Edin, co-author of well-regarded books, including “$2.00 a Day: Living on Almost Nothing in America” and the Baltimore-focused “Coming of Age in the Other America,” said the decision was difficult. All three institutions offered “a ton of resources,” she said.

But Hopkins is located in a city Edin considers an ideal laboratory for her work. She jumped at the chance to launch a Poverty and Inequality Research Laboratory and lead a new 21st Century Cities Initiative in Baltimore. She had already conducted research in Baltimore on the long-term results of a historic experiment in housing vouchers and poverty. The unrest last spring following the death of Freddie Gray, who died from spinal injuries sustained while in police custody, only attracted her more and inspired research at the lab.

“The grand plan is to make Hopkins, through the initiative, the nation's leader in understanding processes of neighborhood transformation,” Edin said. “Nobody really knows how to transform neighborhoods, but we really need it for cities to survive.”

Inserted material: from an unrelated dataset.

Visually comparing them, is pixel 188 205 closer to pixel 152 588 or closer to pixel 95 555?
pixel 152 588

Once the professors arrive, the idea is to set them loose. The Bloomberg endowment provides six-figure returns each year, depending on investment performance, that pay or subsidize their salaries.

Arturo Casadevall, a professor of microbiology and immunology who came to Johns Hopkins in early 2015 from the Albert Einstein College of Medicine in New York, is focusing part of his research on helping people whose immune systems are compromised by HIV or organ transplants to survive fungal diseases. But he also came to Hopkins with a plan to shake up traditional training for doctoral students with classes in communication skills and how to determine causality in scientific studies.

“Our idea is you might be able to train better scientists if, in fact, you taught them better in the humanities,” he said. “The idea is to preserve what's good about current training, giving them something they don't have now — breadth and the ability to critically think.”

The most recent appointee, Michael Schatz, is an example of the unorthodox research approaches that could lie ahead. Schatz officially joined Hopkins last month as an associate professor of biology and computer science, combining those disciplines to unlock the mysteries of the massive amounts of data within the human genome that could reveal unknown genetic factors in disease.

“I've always sat right at this interface between computer science and biology, with extensions into medicine,” he said. “There's so much benefit to be gained by bringing the different groups together.”

In the meantime, recruitment efforts are ongoing. With appointments that haven't yet been announced and others that are in the works, the university could be halfway to having 50 Bloomberg professors by the end of the summer.